Emerging growth company
If an emerging growth company, indicate by check mark if the registrant has elected not to use the extended transition period for complying with any new or revised financial accounting standards provided pursuant to Section 13(a) of the Exchange Act.





Item 5.02 Departure of Directors or Certain Officers; Election of Directors; Appointment of Certain Officers; Compensatory Arrangements of Certain Officers.

On May 9, 2026, Entegris, Inc. (the "Company") entered into a Transition Agreement and Release (the “Agreement”) with Daniel Woodland, the Company’s Senior Vice President and President, Materials Solutions, pursuant to which Mr. Woodland will retire from the Company on June 1, 2026 (the "Retirement Date"). Olivier Blachier, who currently serves as the Company’s Senior Vice President, Chief Strategy and Innovation Officer, will succeed Mr. Woodland as the Company’s President, Materials Solutions, effective June 1, 2026, and will retain his role as Senior Vice President, Chief Innovation Officer.
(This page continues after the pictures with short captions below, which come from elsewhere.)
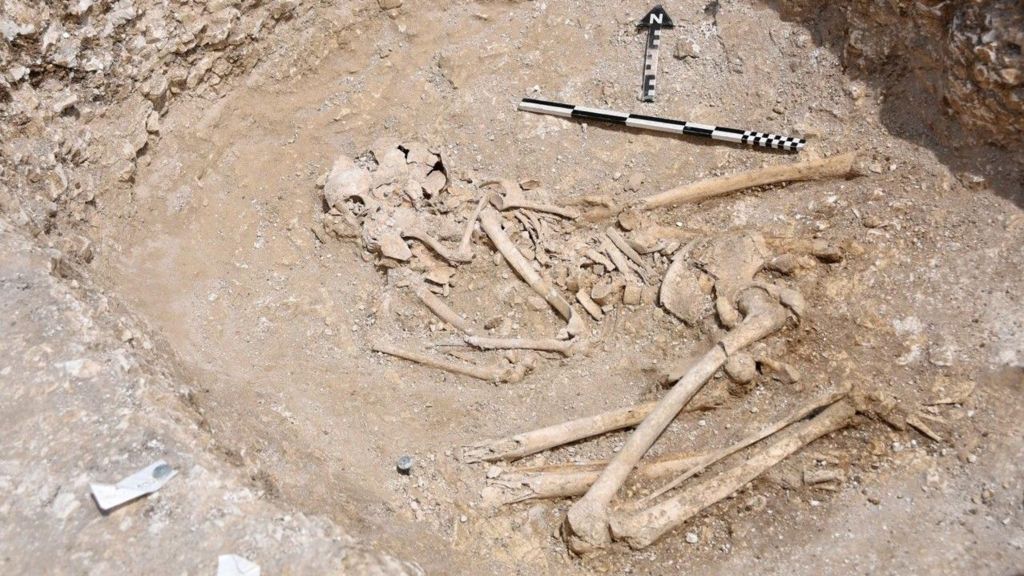 A partially excavated skeleton in a foetal position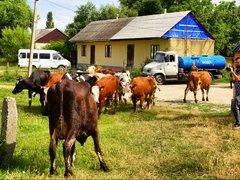 Саратовская область подарила 140 коров Дагестану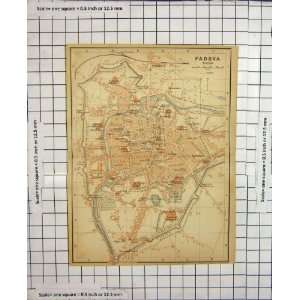   Antique Map Italy Street Plan Padova Canale Alicorno: Home & Kitchen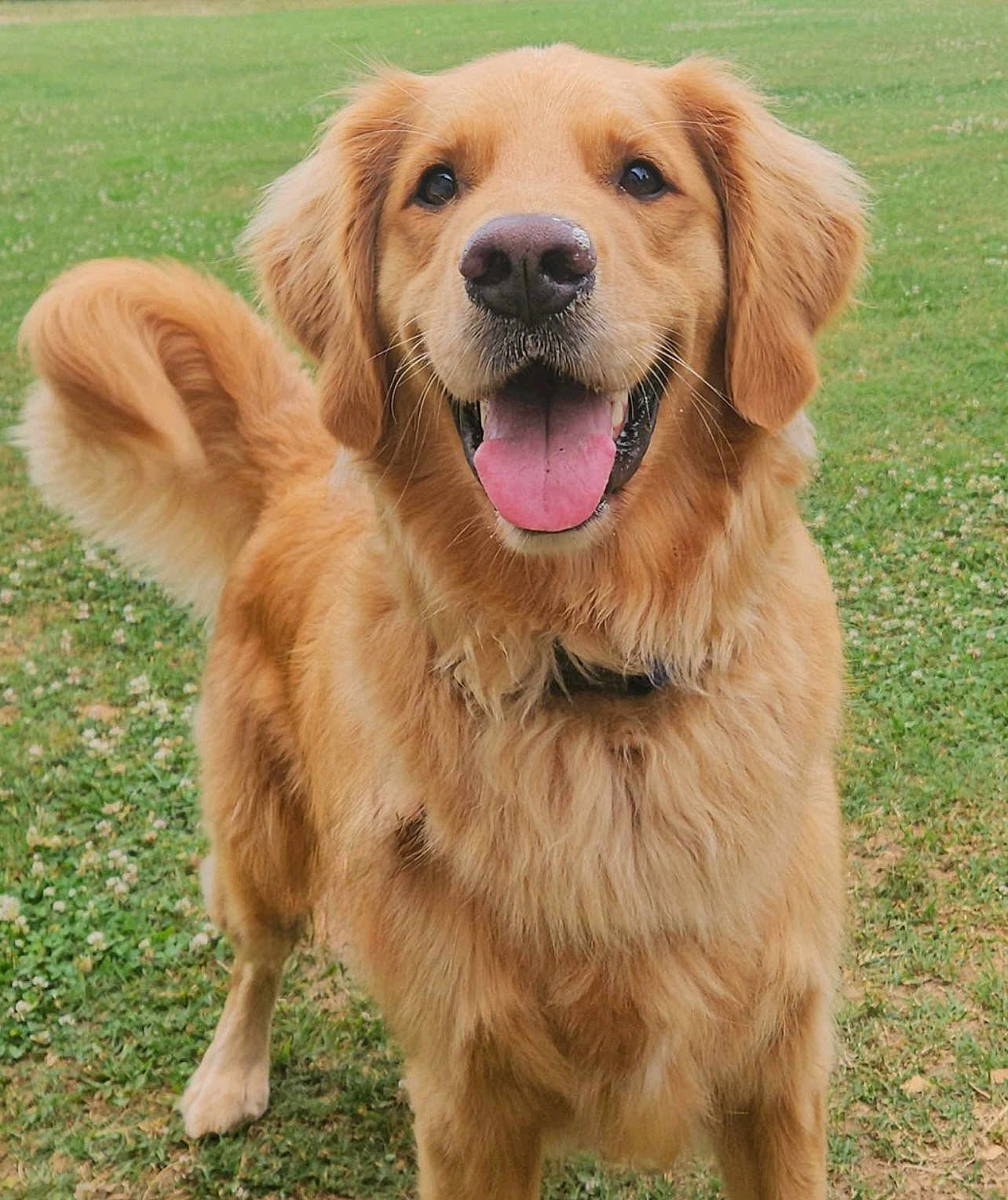 Cheddar is registered to the contest to win money with this photo: dog, golden_retriever, tongue_out, happy, pet, animal, grass, outdoor, canine, fur, tail, ears, friendly, playful, mammal, cute, companion, nature, summer, smiling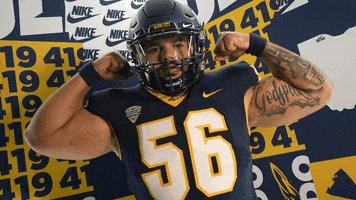 Football Rogers GIF by Toledo Rockets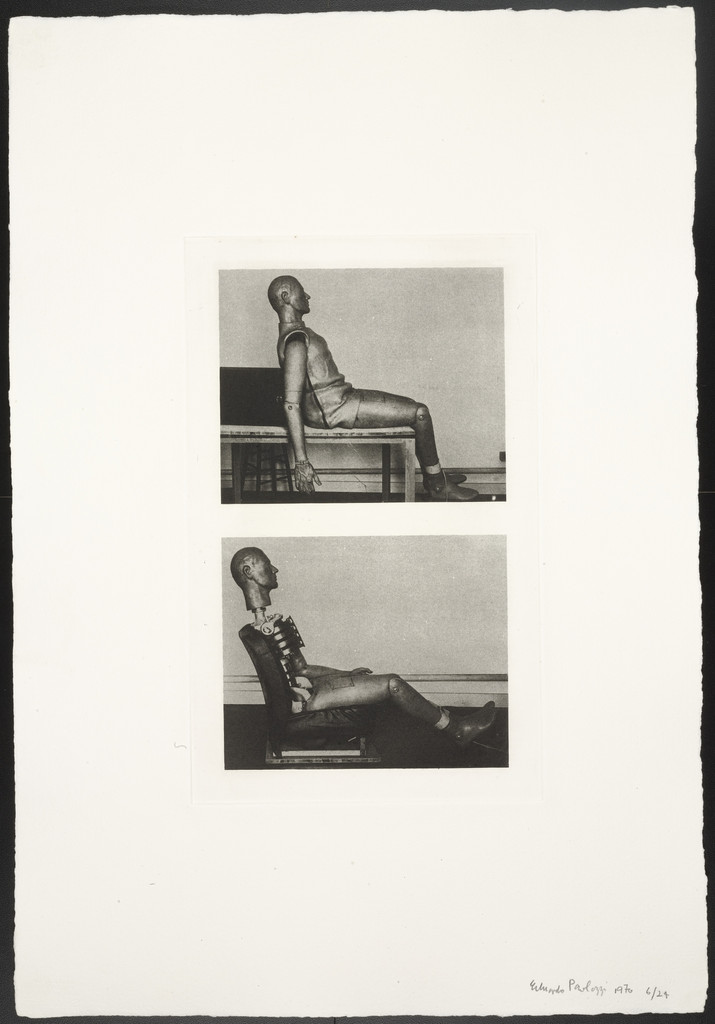 Untitled (M.I.R.A. Pair) from The Conditional Probability Machine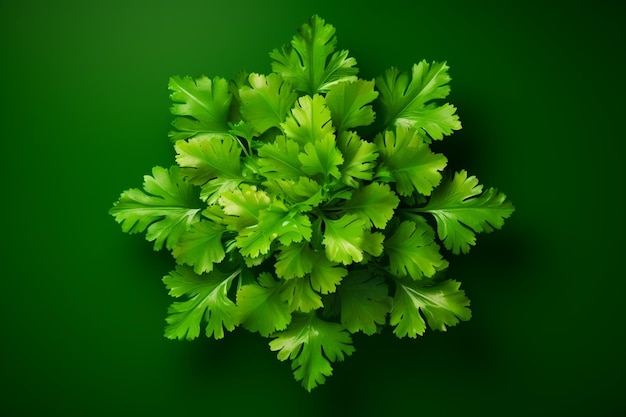 Fresh green eco organic farm coriander leaves bunch top view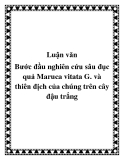 Bước đầu nghiên cứu sâu đục quả Maruca vitata G. và thiên địch của chúng trên cây đậu trắng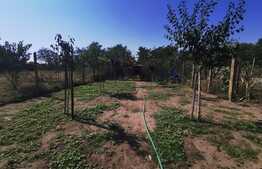  Casă individuală de 105 mp utili, 781 mp teren, terasa, strada Brestei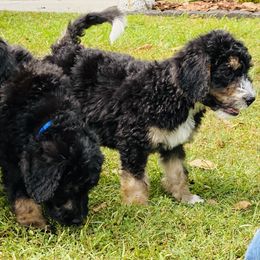 Bernedoodle Puppies from Doodles of Tampa Bay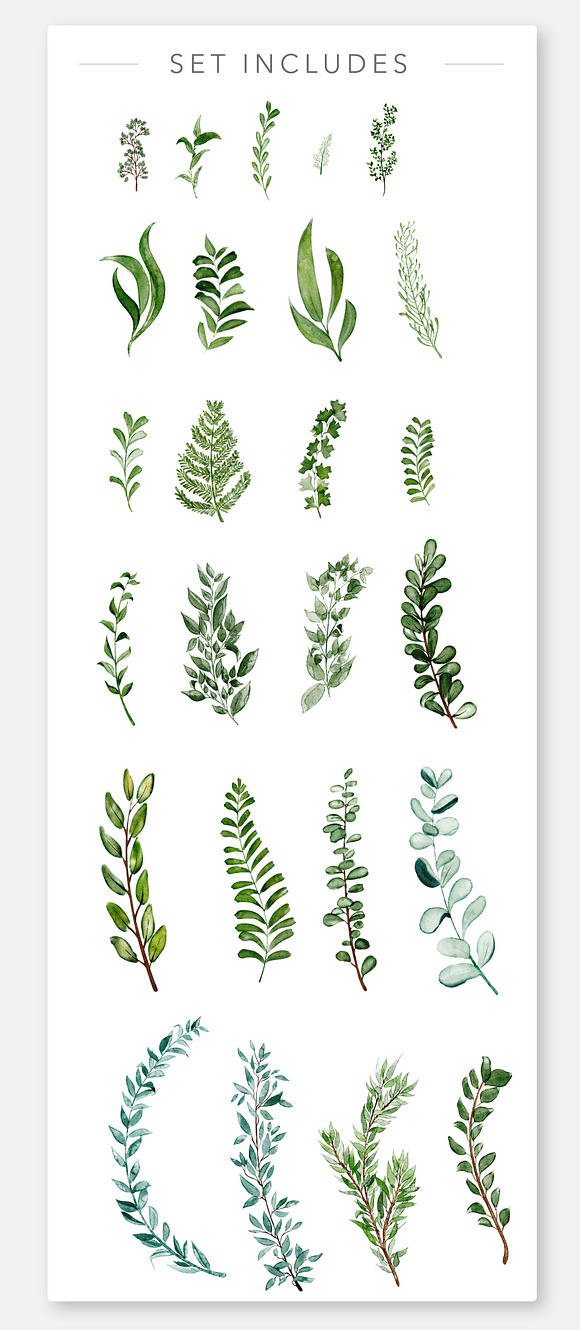 Wild Watercolor Greenery Clipart in Illustrations - product preview 2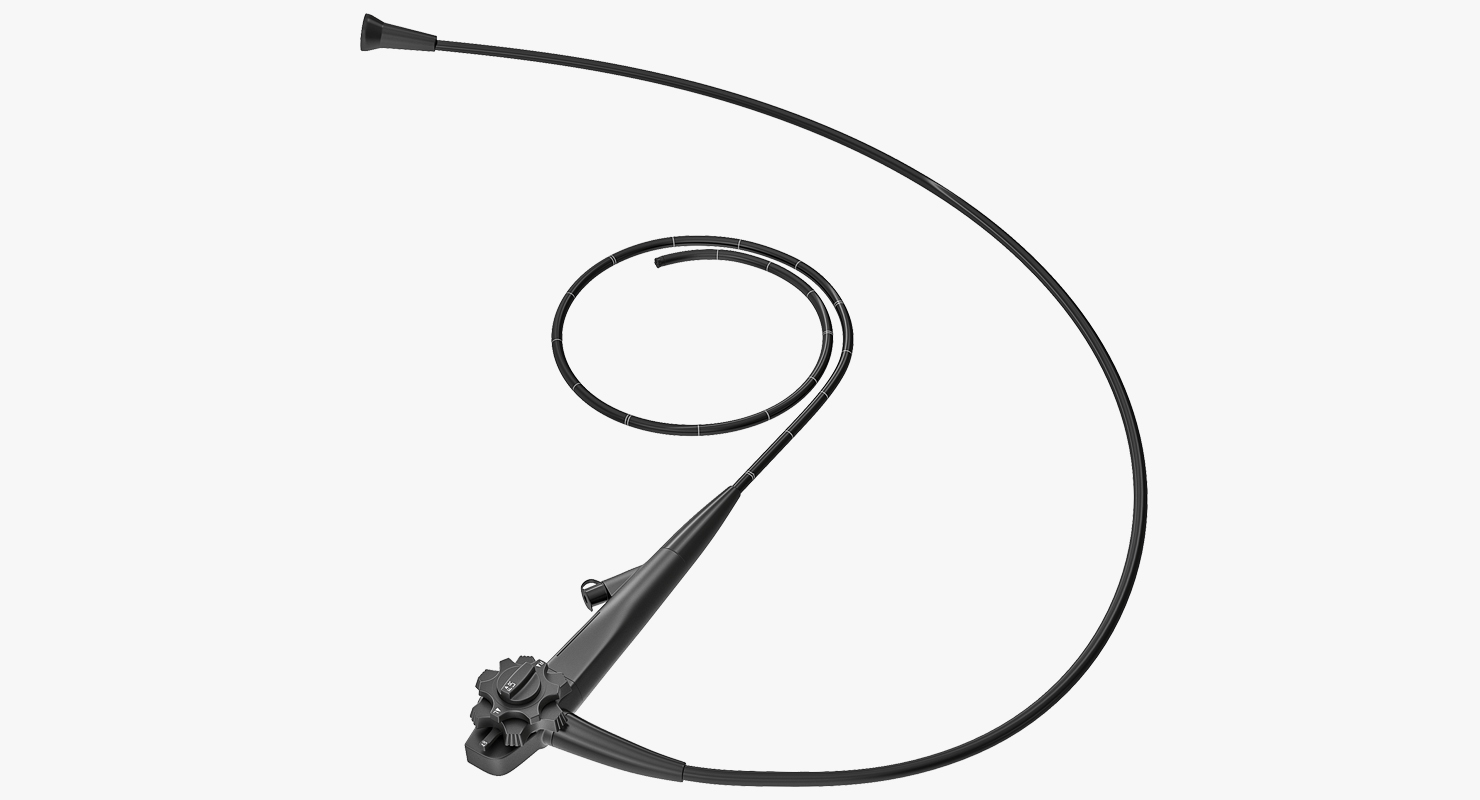 Endoscope 3D model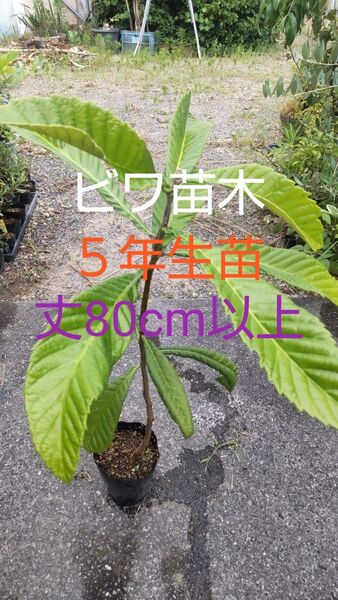 ビワの苗木 5年生苗 大苗 1株 丈80cm以上 大きく甘い実が沢山なりますよ!!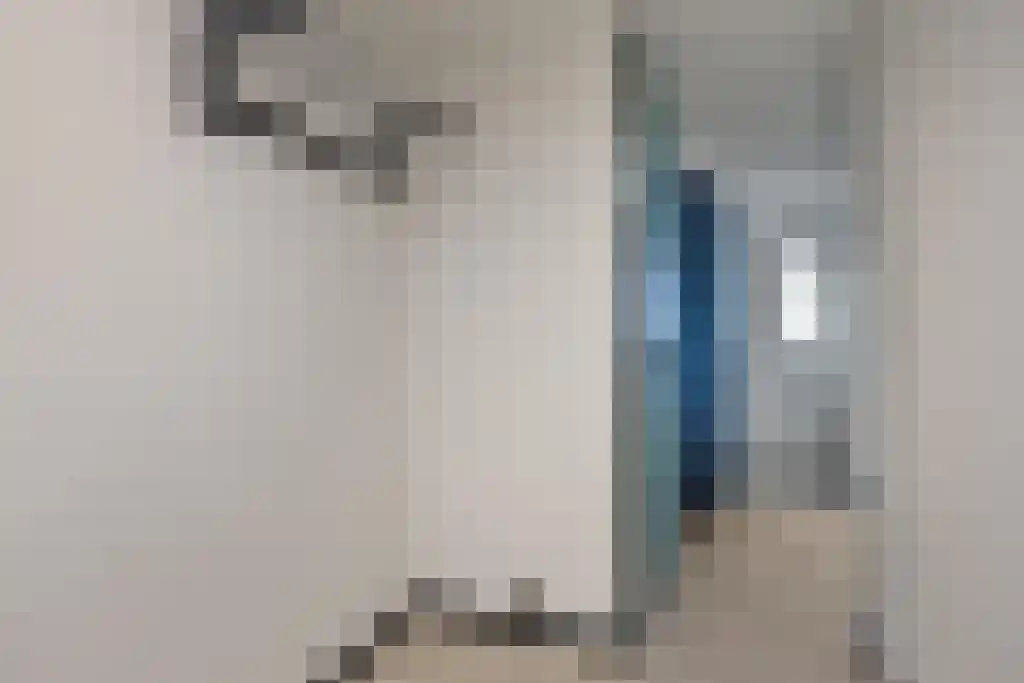 Desiree Geeraertstraat 10 b Baarle-Nassau thumbnail 6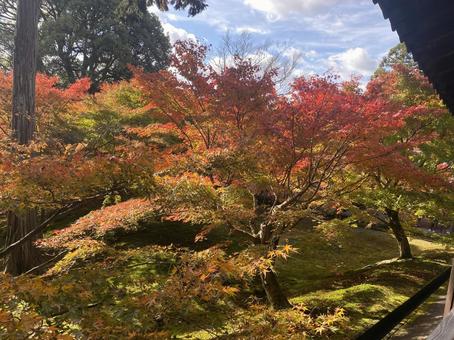 もみじ もみじ 自然,素材,寺院の写真素材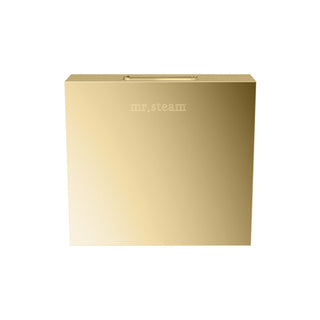 MrSteam Designer 3 in. Steamhead with AromaTherapy Reservoir in Square - Polished Brass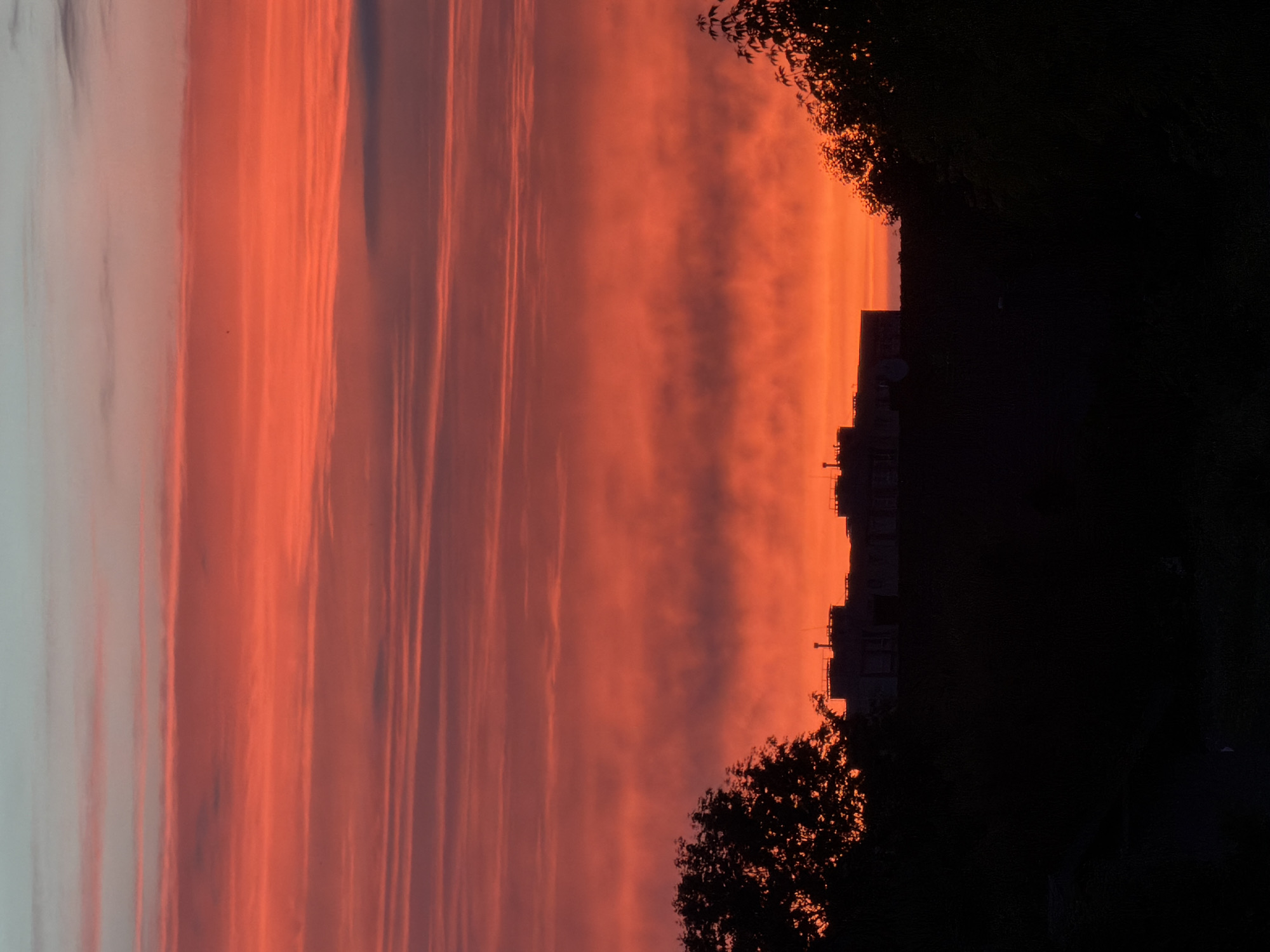 A vertical, medium shot captures a vibrant sunset over Dreiliņi, Latvia. The sky is dominated by vivid shades of orange and red, with horizontal streaks of lighter pink and subtle hints of pale blue near the top. Silhouetted against this dramatic sky are the dark shapes of trees on the left and right edges of the frame. In the middle ground, a long, flat building with visible rooftops and some detailing is also silhouetted. The foreground is entirely dark, obscuring any ground details. There are no visible people or animals in the image.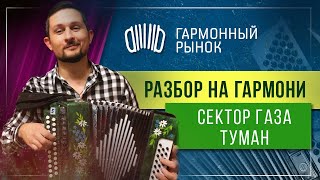 Сектор газа Туман РАЗБОР НА ГАРМОНИ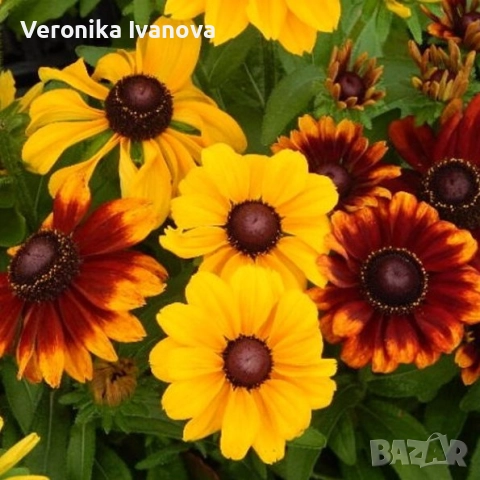 Рудбекия, снимка 3 - Градински цветя и растения - 52863830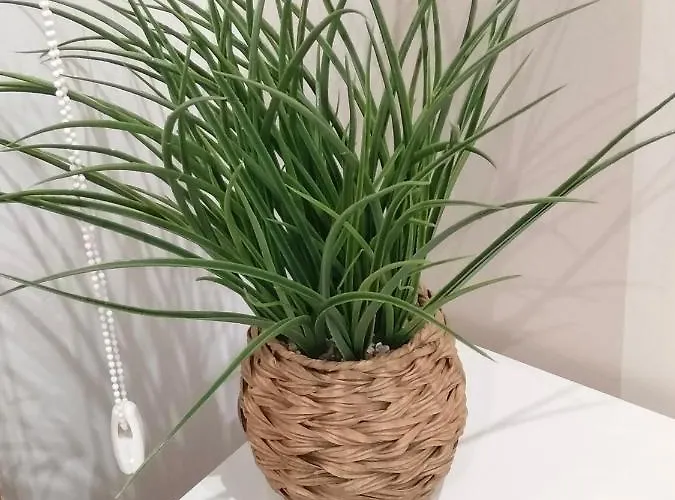 Carles Deluxe Ocean View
Pursuant to the Agreement, Mr. Woodland will continue to receive his current base salary until the Retirement Date and will be entitled to receive a prorated payment under the Company’s short-term incentive compensation plan for 2026, if earned, payable at the same time as all other Company participants. The Agreement also provides a general release of claims in favor of the Company and its affiliates.

In connection with Mr. Woodland’s retirement, and consistent with the terms of each applicable award agreement, subject to continued compliance with post-departure restrictive covenants and the non-revocation of the release of claims in favor of the Company, Mr. Woodland’s annual long-term equity incentive awards granted in 2022, 2023, 2024 and 2025 will continue to vest in accordance with the vesting schedule set forth in the applicable award agreement (or, for performance share units, remain outstanding subject to attainment of the applicable performance metrics). Pursuant to the terms of each applicable award agreement, Mr. Woodland’s long-term equity incentive awards granted in 2026 will be forfeited effective as of the Retirement Date.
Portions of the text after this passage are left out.